### Task directions:
Even where a line looks wrong, copy it exactly and include every entry.

[Short web captions]
* * *
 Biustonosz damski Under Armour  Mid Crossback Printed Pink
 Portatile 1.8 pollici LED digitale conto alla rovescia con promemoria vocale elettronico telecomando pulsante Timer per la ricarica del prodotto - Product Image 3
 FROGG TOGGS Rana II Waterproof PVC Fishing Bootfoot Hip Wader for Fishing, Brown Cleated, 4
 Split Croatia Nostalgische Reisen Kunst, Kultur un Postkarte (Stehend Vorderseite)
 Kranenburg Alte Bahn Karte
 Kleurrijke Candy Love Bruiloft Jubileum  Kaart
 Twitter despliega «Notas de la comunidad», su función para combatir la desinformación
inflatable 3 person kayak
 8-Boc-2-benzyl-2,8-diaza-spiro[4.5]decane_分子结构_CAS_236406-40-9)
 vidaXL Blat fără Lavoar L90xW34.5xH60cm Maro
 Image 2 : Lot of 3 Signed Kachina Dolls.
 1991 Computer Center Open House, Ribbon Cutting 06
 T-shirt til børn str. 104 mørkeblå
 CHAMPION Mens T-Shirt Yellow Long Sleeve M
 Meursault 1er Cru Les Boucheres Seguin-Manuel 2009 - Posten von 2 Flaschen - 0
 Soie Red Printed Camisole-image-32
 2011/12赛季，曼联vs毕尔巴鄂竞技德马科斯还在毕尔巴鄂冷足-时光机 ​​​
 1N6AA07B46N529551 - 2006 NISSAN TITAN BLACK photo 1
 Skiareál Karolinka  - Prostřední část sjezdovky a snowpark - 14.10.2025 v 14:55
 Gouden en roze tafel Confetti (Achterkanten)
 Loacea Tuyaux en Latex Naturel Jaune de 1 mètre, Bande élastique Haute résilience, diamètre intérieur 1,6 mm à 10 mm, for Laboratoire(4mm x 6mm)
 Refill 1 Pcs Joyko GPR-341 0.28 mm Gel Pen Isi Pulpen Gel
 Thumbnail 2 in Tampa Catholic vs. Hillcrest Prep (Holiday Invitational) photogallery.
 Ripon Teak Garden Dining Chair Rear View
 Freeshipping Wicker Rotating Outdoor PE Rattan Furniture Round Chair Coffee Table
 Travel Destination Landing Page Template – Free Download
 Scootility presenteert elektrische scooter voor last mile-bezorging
* * *
### Response to the exercise:
 Biustonosz damski Under Armour  Mid Crossback Printed Pink
 Portatile 1.8 pollici LED digitale conto alla rovescia con promemoria vocale elettronico telecomando pulsante Timer per la ricarica del prodotto - Product Image 3
 FROGG TOGGS Rana II Waterproof PVC Fishing Bootfoot Hip Wader for Fishing, Brown Cleated, 4
 Split Croatia Nostalgische Reisen Kunst, Kultur un Postkarte (Stehend Vorderseite)
 Kranenburg Alte Bahn Karte
 Kleurrijke Candy Love Bruiloft Jubileum  Kaart
 Twitter despliega «Notas de la comunidad», su función para combatir la desinformación
inflatable 3 person kayak
 8-Boc-2-benzyl-2,8-diaza-spiro[4.5]decane_分子结构_CAS_236406-40-9)
 vidaXL Blat fără Lavoar L90xW34.5xH60cm Maro
 Image 2 : Lot of 3 Signed Kachina Dolls.
 1991 Computer Center Open House, Ribbon Cutting 06
 T-shirt til børn str. 104 mørkeblå
 CHAMPION Mens T-Shirt Yellow Long Sleeve M
 Meursault 1er Cru Les Boucheres Seguin-Manuel 2009 - Posten von 2 Flaschen - 0
 Soie Red Printed Camisole-image-32
 2011/12赛季，曼联vs毕尔巴鄂竞技德马科斯还在毕尔巴鄂冷足-时光机 ​​​
 1N6AA07B46N529551 - 2006 NISSAN TITAN BLACK photo 1
 Skiareál Karolinka  - Prostřední část sjezdovky a snowpark - 14.10.2025 v 14:55
 Gouden en roze tafel Confetti (Achterkanten)
 Loacea Tuyaux en Latex Naturel Jaune de 1 mètre, Bande élastique Haute résilience, diamètre intérieur 1,6 mm à 10 mm, for Laboratoire(4mm x 6mm)
 Refill 1 Pcs Joyko GPR-341 0.28 mm Gel Pen Isi Pulpen Gel
 Thumbnail 2 in Tampa Catholic vs. Hillcrest Prep (Holiday Invitational) photogallery.
 Ripon Teak Garden Dining Chair Rear View
 Freeshipping Wicker Rotating Outdoor PE Rattan Furniture Round Chair Coffee Table
 Travel Destination Landing Page Template – Free Download
 Scootility presenteert elektrische scooter voor last mile-bezorging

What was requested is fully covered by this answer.